Spidla will have to focus a great deal of energy on keeping the economy moving forward in terms of growth, curbing unemployment, and finalizing the privatization of state-owned companies. As of 2003, most of the state-owned property in the Czech Republic had been sold, but 189 companies were still awaiting sale. Although the Zeman administration was in favor of privatizing the energy sector, Spidla announced that he was against this. The August 2002 floods, the global economic slowdown, and weaker demand in the EU for Czech products (the EU is the Czech Republic's largest market) created slower growth in 2002—it stood at only 2.7%. Spidla led the government in seeing through an increase in the minimum wage in December 2002, taking effect as of January 2003. However, unemployment broke the 10% barrier at the end of January 2003.

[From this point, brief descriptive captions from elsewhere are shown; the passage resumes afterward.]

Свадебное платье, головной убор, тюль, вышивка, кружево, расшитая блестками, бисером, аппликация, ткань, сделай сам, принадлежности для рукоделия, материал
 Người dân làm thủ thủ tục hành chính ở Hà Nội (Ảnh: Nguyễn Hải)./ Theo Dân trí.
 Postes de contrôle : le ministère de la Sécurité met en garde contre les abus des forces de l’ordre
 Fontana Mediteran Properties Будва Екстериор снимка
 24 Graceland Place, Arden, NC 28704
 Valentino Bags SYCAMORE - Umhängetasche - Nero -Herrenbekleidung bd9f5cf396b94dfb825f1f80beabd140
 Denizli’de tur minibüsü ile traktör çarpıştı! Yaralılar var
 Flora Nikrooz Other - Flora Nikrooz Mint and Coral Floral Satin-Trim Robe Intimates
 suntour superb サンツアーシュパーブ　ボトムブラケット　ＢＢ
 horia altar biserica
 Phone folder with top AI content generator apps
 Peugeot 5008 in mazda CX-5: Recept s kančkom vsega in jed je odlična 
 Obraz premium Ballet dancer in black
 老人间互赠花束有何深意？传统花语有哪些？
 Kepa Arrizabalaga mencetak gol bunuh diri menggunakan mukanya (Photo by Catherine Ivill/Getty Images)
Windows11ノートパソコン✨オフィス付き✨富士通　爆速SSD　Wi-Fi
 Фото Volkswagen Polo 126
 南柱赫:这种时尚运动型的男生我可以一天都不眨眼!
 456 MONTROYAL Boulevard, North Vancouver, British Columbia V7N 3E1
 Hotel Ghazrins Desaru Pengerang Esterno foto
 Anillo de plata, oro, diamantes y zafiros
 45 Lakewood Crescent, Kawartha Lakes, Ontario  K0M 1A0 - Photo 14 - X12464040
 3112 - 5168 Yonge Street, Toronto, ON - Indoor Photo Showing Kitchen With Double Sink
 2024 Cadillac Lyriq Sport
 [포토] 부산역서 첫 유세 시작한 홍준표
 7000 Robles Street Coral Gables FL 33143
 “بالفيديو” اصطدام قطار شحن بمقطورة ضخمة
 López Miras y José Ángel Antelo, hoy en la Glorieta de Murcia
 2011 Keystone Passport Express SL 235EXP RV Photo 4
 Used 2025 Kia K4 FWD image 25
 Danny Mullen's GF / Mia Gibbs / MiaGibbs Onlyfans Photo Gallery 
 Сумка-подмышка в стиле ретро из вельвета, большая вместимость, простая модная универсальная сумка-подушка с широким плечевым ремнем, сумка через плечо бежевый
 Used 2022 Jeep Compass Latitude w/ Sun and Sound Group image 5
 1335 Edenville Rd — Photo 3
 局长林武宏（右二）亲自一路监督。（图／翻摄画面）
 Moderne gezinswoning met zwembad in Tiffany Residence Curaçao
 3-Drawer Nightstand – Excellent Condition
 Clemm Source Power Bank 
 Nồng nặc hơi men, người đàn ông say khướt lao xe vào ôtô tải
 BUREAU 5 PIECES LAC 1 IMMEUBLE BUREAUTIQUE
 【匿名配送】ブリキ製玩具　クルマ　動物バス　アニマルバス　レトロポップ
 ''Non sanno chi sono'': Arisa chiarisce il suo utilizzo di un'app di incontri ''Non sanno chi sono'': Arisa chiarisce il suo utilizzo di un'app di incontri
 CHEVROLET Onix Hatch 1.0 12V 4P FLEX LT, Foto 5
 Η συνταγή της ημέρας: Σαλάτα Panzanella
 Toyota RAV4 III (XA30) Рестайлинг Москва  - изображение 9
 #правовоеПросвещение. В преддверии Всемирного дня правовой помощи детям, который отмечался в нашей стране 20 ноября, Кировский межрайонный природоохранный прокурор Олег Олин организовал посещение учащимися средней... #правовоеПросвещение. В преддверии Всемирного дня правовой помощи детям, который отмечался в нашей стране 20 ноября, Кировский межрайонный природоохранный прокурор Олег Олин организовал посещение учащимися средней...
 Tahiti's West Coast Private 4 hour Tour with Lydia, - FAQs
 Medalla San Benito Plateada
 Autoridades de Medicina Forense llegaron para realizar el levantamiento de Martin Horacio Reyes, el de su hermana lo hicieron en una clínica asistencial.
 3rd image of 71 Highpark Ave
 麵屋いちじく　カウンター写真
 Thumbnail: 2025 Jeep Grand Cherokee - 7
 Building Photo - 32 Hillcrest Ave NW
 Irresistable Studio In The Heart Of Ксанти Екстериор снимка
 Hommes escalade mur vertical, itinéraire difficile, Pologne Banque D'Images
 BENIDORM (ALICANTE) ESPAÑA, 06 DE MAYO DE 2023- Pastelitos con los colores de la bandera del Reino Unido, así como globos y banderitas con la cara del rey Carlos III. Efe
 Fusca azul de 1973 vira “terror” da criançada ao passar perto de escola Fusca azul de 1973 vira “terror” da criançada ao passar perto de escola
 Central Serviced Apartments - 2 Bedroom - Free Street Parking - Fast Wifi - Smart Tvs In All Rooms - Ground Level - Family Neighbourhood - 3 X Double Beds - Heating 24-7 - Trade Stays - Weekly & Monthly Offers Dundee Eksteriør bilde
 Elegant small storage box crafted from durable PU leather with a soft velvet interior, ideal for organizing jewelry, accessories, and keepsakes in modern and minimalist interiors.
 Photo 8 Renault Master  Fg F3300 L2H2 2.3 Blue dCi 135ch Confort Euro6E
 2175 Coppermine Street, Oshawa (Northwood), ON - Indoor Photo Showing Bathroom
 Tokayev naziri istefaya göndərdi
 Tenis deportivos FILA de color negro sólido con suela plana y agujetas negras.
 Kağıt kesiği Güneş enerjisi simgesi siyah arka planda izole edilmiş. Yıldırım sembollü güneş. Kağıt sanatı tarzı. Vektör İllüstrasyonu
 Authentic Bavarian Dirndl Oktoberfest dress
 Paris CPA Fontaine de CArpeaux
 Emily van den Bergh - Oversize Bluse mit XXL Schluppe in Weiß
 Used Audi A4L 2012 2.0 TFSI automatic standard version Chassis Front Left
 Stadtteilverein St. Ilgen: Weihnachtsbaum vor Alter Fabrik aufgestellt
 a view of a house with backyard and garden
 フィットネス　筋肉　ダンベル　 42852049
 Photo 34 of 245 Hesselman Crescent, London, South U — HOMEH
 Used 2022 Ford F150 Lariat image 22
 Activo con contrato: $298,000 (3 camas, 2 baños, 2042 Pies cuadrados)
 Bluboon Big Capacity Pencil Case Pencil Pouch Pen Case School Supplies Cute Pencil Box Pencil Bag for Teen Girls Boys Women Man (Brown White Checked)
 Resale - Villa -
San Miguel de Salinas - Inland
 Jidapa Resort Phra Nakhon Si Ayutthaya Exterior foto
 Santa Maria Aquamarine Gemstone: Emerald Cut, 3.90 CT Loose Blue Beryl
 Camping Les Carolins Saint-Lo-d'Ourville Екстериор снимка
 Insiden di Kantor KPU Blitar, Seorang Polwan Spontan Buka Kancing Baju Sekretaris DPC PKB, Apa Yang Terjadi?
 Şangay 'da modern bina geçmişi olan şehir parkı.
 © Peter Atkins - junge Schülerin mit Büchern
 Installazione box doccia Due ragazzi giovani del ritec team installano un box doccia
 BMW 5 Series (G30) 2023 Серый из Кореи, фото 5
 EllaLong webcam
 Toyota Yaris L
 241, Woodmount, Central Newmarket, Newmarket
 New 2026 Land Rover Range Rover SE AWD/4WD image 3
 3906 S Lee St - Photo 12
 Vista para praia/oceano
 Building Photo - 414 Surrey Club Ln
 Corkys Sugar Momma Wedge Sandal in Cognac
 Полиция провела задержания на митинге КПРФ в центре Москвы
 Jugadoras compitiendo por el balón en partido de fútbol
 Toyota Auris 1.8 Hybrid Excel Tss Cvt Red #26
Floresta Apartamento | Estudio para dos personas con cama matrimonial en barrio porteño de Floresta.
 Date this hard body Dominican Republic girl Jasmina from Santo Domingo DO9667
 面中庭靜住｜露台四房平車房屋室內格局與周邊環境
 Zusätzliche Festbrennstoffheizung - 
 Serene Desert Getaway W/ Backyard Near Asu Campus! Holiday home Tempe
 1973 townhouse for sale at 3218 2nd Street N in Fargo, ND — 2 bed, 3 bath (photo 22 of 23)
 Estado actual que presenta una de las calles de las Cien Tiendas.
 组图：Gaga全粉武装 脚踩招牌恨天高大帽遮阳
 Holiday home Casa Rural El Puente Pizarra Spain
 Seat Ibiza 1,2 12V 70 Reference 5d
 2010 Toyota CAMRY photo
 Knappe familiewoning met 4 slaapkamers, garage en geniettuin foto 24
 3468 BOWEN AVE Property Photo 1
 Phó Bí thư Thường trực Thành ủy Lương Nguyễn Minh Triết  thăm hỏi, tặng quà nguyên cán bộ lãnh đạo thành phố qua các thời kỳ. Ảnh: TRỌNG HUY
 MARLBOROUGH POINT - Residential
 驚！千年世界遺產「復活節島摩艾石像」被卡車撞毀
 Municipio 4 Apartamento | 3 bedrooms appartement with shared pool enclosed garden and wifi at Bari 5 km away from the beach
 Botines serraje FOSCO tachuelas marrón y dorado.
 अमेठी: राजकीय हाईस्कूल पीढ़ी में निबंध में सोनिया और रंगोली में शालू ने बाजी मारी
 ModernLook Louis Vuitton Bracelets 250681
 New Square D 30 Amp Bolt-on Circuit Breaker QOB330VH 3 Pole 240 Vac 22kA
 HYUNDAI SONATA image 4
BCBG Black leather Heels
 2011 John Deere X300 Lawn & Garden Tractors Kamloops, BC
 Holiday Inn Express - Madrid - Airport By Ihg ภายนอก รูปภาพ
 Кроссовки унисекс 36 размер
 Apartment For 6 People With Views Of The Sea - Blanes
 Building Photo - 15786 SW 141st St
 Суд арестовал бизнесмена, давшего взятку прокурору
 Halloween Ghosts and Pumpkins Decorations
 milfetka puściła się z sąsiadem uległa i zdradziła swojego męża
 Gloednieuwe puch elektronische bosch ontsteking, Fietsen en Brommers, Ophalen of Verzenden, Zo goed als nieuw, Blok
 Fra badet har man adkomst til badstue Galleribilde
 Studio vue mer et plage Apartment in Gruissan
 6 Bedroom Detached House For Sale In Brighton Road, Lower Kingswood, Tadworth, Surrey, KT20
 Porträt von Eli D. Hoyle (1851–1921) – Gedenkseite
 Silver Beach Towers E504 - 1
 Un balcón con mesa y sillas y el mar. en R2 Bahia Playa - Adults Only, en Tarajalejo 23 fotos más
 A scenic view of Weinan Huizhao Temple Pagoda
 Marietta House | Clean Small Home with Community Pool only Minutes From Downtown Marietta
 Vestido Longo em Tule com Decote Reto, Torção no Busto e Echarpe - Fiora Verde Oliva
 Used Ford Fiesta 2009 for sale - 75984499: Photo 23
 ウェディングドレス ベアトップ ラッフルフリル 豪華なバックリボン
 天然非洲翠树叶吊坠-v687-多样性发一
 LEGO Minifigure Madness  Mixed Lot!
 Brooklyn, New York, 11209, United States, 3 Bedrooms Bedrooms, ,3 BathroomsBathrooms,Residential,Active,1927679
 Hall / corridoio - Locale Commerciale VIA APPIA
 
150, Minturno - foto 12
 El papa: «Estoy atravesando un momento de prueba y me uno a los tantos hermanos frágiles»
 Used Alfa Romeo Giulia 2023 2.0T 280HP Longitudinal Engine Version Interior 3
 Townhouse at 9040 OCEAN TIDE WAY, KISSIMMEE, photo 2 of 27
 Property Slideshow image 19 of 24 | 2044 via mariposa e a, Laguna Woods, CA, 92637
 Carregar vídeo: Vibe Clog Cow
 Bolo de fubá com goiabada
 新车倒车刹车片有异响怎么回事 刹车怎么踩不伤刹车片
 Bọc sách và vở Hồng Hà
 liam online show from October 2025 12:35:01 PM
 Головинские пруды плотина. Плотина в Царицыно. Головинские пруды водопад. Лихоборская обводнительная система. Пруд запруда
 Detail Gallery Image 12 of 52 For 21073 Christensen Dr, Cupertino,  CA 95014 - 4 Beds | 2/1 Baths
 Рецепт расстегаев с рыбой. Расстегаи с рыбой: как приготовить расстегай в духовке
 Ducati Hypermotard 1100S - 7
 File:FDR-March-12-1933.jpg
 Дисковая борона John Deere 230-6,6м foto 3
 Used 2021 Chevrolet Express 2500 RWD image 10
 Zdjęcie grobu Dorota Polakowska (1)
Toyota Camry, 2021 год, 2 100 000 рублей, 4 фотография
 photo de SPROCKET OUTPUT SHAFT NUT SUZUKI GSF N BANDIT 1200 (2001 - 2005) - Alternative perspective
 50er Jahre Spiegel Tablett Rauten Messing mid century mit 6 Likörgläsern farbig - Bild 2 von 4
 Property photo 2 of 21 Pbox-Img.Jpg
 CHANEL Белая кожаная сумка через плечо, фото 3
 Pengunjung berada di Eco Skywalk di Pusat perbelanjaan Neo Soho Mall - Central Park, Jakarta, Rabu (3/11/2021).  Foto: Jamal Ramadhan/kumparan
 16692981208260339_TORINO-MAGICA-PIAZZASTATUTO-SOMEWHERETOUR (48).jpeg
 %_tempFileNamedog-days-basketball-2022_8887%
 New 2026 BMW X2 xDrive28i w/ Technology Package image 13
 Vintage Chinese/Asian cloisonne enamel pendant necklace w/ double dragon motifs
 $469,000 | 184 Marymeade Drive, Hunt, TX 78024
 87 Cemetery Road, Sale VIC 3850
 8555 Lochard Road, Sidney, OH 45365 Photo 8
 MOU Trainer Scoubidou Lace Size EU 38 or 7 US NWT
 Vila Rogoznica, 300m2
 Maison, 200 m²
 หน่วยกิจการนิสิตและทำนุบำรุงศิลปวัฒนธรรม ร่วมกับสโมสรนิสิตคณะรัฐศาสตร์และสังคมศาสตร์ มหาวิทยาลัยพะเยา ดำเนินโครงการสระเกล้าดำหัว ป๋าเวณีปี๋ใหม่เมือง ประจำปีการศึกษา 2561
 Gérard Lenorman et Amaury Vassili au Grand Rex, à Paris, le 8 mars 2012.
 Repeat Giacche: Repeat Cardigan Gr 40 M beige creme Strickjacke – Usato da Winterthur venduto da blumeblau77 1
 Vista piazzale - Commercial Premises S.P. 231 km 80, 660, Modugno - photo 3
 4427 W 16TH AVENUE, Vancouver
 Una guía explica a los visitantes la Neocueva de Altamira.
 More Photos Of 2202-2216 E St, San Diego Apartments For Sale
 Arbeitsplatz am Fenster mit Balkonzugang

Spidla announced in October 2002 that the estimated damage caused to the Czech Republic due to the August flooding was Kc 70 billion, but that figure was not definitive. He suggested that a provisional budget for 2003 not be passed, in that it would hinder the flow of money needed for assistance in repairing the flood damage. The year 2002 was the worst year since the fall of communism in 1989 for Czech farmers, due to the floods and lower commodity prices, and farmers have demanded they receive the same subsidies as their counterparts in the EU. In October 2002, some 3,000 farmers protested the conditions of EU admission, demanding more government support for agriculture.